▸ GOAL OF THE EXERCISE
Look through the data below. Show each line where the string "design" occurs.

--- DATA FOR PROCESSING ---

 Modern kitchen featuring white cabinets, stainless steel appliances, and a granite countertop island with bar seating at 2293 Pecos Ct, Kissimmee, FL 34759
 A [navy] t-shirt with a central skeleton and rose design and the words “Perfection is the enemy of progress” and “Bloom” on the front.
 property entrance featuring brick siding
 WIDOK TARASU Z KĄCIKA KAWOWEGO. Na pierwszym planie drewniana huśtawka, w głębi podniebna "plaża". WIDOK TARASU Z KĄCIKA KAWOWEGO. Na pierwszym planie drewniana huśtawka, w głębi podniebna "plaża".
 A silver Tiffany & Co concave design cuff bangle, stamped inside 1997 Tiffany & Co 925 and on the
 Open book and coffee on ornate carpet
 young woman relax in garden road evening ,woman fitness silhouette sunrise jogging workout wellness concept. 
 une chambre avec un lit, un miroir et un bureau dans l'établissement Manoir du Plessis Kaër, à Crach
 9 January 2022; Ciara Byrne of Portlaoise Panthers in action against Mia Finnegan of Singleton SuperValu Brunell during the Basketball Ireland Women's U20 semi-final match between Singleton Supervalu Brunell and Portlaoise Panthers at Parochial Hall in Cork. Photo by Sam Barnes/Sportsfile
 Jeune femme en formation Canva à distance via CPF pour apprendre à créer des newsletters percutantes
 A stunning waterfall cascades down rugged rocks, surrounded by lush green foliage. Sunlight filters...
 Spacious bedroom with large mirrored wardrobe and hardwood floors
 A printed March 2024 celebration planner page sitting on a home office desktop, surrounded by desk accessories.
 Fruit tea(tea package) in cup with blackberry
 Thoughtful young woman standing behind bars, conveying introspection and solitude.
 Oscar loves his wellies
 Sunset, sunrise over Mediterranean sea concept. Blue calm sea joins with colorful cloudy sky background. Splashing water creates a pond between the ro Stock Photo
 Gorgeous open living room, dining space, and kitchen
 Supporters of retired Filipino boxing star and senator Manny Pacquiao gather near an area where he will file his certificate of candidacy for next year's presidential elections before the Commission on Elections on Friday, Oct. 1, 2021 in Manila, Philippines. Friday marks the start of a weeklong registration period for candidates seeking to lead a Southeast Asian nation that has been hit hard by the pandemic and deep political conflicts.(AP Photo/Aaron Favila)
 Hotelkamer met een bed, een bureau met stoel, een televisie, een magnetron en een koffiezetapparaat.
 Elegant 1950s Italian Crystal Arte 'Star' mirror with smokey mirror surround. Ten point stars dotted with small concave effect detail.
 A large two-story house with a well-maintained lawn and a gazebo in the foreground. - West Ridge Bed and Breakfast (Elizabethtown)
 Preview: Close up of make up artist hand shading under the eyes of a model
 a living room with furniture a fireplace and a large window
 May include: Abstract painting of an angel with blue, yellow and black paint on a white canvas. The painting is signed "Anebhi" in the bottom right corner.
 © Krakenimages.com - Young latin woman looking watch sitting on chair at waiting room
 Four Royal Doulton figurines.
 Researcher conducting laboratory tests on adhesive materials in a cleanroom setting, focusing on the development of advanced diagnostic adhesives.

---

▸ SOLUTION TO THIS PROBLEM
 A [navy] t-shirt with a central skeleton and rose design and the words “Perfection is the enemy of progress” and “Bloom” on the front.
 A silver Tiffany & Co concave design cuff bangle, stamped inside 1997 Tiffany & Co 925 and on the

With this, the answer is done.